══ Exercise inputs ══

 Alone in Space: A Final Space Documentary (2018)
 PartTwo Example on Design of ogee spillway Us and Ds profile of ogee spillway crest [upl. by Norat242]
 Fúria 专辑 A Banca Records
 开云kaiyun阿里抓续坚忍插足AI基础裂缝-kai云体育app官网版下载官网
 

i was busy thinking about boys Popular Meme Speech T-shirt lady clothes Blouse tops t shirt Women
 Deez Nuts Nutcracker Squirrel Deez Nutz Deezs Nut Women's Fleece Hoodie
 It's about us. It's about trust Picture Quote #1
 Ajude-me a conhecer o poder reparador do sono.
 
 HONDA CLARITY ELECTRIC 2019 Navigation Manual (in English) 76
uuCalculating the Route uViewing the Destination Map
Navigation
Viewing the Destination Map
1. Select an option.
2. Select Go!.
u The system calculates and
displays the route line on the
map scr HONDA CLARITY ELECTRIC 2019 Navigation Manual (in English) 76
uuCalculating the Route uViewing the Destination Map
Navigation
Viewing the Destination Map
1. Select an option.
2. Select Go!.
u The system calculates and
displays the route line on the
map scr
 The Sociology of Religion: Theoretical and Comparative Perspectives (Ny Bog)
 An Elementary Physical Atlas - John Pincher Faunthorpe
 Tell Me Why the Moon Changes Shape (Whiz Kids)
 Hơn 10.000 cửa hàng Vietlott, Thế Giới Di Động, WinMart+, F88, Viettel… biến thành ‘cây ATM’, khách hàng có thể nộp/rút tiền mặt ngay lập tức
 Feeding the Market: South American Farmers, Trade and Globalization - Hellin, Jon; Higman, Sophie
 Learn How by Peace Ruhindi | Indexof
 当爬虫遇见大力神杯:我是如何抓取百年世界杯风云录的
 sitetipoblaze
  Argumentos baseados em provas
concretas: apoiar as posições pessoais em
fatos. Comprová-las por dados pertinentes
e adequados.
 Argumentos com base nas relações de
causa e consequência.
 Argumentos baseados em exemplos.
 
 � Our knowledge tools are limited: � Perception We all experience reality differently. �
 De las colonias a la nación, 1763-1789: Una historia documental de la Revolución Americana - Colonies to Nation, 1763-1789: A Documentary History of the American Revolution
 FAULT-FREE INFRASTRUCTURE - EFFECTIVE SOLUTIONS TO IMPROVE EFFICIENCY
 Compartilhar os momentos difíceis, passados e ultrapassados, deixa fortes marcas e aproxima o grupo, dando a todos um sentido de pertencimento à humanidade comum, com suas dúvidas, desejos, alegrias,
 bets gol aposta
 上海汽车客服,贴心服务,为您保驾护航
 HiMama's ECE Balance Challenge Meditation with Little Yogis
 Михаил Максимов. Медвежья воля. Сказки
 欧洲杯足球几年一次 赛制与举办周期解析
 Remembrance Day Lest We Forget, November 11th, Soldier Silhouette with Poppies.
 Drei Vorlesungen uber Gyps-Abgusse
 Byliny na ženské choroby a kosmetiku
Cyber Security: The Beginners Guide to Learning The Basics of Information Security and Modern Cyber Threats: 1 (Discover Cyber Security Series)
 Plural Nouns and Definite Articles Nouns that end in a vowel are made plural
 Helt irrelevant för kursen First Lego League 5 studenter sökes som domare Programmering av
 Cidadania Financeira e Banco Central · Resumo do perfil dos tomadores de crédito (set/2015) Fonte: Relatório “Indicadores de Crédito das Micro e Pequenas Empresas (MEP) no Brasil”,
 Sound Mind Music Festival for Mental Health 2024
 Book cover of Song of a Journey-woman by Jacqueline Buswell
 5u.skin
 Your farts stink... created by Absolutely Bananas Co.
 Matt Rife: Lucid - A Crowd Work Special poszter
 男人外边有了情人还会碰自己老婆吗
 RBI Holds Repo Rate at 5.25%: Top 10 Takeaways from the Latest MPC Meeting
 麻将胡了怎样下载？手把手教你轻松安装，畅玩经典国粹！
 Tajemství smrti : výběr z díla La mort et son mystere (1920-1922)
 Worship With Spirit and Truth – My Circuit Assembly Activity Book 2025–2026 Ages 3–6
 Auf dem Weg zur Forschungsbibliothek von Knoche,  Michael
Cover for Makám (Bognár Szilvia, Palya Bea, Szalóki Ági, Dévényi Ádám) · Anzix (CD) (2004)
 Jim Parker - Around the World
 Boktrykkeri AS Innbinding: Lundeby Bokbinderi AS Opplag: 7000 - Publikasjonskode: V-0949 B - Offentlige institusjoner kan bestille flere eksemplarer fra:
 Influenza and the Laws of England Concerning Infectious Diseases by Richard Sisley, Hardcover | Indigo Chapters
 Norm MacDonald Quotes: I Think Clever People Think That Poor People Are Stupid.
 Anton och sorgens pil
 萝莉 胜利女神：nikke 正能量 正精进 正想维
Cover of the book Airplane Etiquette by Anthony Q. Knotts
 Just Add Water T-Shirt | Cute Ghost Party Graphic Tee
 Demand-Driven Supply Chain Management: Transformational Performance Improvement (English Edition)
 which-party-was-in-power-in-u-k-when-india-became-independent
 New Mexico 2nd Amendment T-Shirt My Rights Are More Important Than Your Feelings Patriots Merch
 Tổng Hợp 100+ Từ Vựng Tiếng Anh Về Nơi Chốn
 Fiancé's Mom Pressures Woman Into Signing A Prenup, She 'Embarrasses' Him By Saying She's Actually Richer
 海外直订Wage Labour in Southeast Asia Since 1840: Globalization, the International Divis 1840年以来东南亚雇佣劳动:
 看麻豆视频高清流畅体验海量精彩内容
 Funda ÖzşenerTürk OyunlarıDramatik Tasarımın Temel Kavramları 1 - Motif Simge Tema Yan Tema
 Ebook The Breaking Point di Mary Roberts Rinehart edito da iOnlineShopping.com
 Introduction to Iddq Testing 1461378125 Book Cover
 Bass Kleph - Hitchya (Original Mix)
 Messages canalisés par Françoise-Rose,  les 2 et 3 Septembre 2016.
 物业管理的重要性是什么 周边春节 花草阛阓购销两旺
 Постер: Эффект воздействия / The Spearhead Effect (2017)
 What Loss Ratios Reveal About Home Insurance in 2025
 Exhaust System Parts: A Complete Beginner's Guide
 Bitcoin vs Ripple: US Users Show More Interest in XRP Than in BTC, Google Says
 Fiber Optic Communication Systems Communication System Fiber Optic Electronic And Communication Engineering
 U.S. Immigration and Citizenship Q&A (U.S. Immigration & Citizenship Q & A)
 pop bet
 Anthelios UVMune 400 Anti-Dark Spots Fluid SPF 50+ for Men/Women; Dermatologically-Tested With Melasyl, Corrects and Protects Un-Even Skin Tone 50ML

═══

**About this exercise:**
The data above needs to be retyped in full, exactly as given.

**Answer space:**
 Alone in Space: A Final Space Documentary (2018)
 PartTwo Example on Design of ogee spillway Us and Ds profile of ogee spillway crest [upl. by Norat242]
 Fúria 专辑 A Banca Records
 开云kaiyun阿里抓续坚忍插足AI基础裂缝-kai云体育app官网版下载官网
 

i was busy thinking about boys Popular Meme Speech T-shirt lady clothes Blouse tops t shirt Women
 Deez Nuts Nutcracker Squirrel Deez Nutz Deezs Nut Women's Fleece Hoodie
 It's about us. It's about trust Picture Quote #1
 Ajude-me a conhecer o poder reparador do sono.
 
 HONDA CLARITY ELECTRIC 2019 Navigation Manual (in English) 76
uuCalculating the Route uViewing the Destination Map
Navigation
Viewing the Destination Map
1. Select an option.
2. Select Go!.
u The system calculates and
displays the route line on the
map scr HONDA CLARITY ELECTRIC 2019 Navigation Manual (in English) 76
uuCalculating the Route uViewing the Destination Map
Navigation
Viewing the Destination Map
1. Select an option.
2. Select Go!.
u The system calculates and
displays the route line on the
map scr
 The Sociology of Religion: Theoretical and Comparative Perspectives (Ny Bog)
 An Elementary Physical Atlas - John Pincher Faunthorpe
 Tell Me Why the Moon Changes Shape (Whiz Kids)
 Hơn 10.000 cửa hàng Vietlott, Thế Giới Di Động, WinMart+, F88, Viettel… biến thành ‘cây ATM’, khách hàng có thể nộp/rút tiền mặt ngay lập tức
 Feeding the Market: South American Farmers, Trade and Globalization - Hellin, Jon; Higman, Sophie
 Learn How by Peace Ruhindi | Indexof
 当爬虫遇见大力神杯:我是如何抓取百年世界杯风云录的
 sitetipoblaze
  Argumentos baseados em provas
concretas: apoiar as posições pessoais em
fatos. Comprová-las por dados pertinentes
e adequados.
 Argumentos com base nas relações de
causa e consequência.
 Argumentos baseados em exemplos.
 
 � Our knowledge tools are limited: � Perception We all experience reality differently. �
 De las colonias a la nación, 1763-1789: Una historia documental de la Revolución Americana - Colonies to Nation, 1763-1789: A Documentary History of the American Revolution
 FAULT-FREE INFRASTRUCTURE - EFFECTIVE SOLUTIONS TO IMPROVE EFFICIENCY
 Compartilhar os momentos difíceis, passados e ultrapassados, deixa fortes marcas e aproxima o grupo, dando a todos um sentido de pertencimento à humanidade comum, com suas dúvidas, desejos, alegrias,
 bets gol aposta
 上海汽车客服,贴心服务,为您保驾护航
 HiMama's ECE Balance Challenge Meditation with Little Yogis
 Михаил Максимов. Медвежья воля. Сказки
 欧洲杯足球几年一次 赛制与举办周期解析
 Remembrance Day Lest We Forget, November 11th, Soldier Silhouette with Poppies.
 Drei Vorlesungen uber Gyps-Abgusse
 Byliny na ženské choroby a kosmetiku
Cyber Security: The Beginners Guide to Learning The Basics of Information Security and Modern Cyber Threats: 1 (Discover Cyber Security Series)
 Plural Nouns and Definite Articles Nouns that end in a vowel are made plural
 Helt irrelevant för kursen First Lego League 5 studenter sökes som domare Programmering av
 Cidadania Financeira e Banco Central · Resumo do perfil dos tomadores de crédito (set/2015) Fonte: Relatório “Indicadores de Crédito das Micro e Pequenas Empresas (MEP) no Brasil”,
 Sound Mind Music Festival for Mental Health 2024
 Book cover of Song of a Journey-woman by Jacqueline Buswell
 5u.skin
 Your farts stink... created by Absolutely Bananas Co.
 Matt Rife: Lucid - A Crowd Work Special poszter
 男人外边有了情人还会碰自己老婆吗
 RBI Holds Repo Rate at 5.25%: Top 10 Takeaways from the Latest MPC Meeting
 麻将胡了怎样下载？手把手教你轻松安装，畅玩经典国粹！
 Tajemství smrti : výběr z díla La mort et son mystere (1920-1922)
 Worship With Spirit and Truth – My Circuit Assembly Activity Book 2025–2026 Ages 3–6
 Auf dem Weg zur Forschungsbibliothek von Knoche,  Michael
Cover for Makám (Bognár Szilvia, Palya Bea, Szalóki Ági, Dévényi Ádám) · Anzix (CD) (2004)
 Jim Parker - Around the World
 Boktrykkeri AS Innbinding: Lundeby Bokbinderi AS Opplag: 7000 - Publikasjonskode: V-0949 B - Offentlige institusjoner kan bestille flere eksemplarer fra:
 Influenza and the Laws of England Concerning Infectious Diseases by Richard Sisley, Hardcover | Indigo Chapters
 Norm MacDonald Quotes: I Think Clever People Think That Poor People Are Stupid.
 Anton och sorgens pil
 萝莉 胜利女神：nikke 正能量 正精进 正想维
Cover of the book Airplane Etiquette by Anthony Q. Knotts
 Just Add Water T-Shirt | Cute Ghost Party Graphic Tee
 Demand-Driven Supply Chain Management: Transformational Performance Improvement (English Edition)
 which-party-was-in-power-in-u-k-when-india-became-independent
 New Mexico 2nd Amendment T-Shirt My Rights Are More Important Than Your Feelings Patriots Merch
 Tổng Hợp 100+ Từ Vựng Tiếng Anh Về Nơi Chốn
 Fiancé's Mom Pressures Woman Into Signing A Prenup, She 'Embarrasses' Him By Saying She's Actually Richer
 海外直订Wage Labour in Southeast Asia Since 1840: Globalization, the International Divis 1840年以来东南亚雇佣劳动:
 看麻豆视频高清流畅体验海量精彩内容
 Funda ÖzşenerTürk OyunlarıDramatik Tasarımın Temel Kavramları 1 - Motif Simge Tema Yan Tema
 Ebook The Breaking Point di Mary Roberts Rinehart edito da iOnlineShopping.com
 Introduction to Iddq Testing 1461378125 Book Cover
 Bass Kleph - Hitchya (Original Mix)
 Messages canalisés par Françoise-Rose,  les 2 et 3 Septembre 2016.
 物业管理的重要性是什么 周边春节 花草阛阓购销两旺
 Постер: Эффект воздействия / The Spearhead Effect (2017)
 What Loss Ratios Reveal About Home Insurance in 2025
 Exhaust System Parts: A Complete Beginner's Guide
 Bitcoin vs Ripple: US Users Show More Interest in XRP Than in BTC, Google Says
 Fiber Optic Communication Systems Communication System Fiber Optic Electronic And Communication Engineering
 U.S. Immigration and Citizenship Q&A (U.S. Immigration & Citizenship Q & A)
 pop bet
 Anthelios UVMune 400 Anti-Dark Spots Fluid SPF 50+ for Men/Women; Dermatologically-Tested With Melasyl, Corrects and Protects Un-Even Skin Tone 50ML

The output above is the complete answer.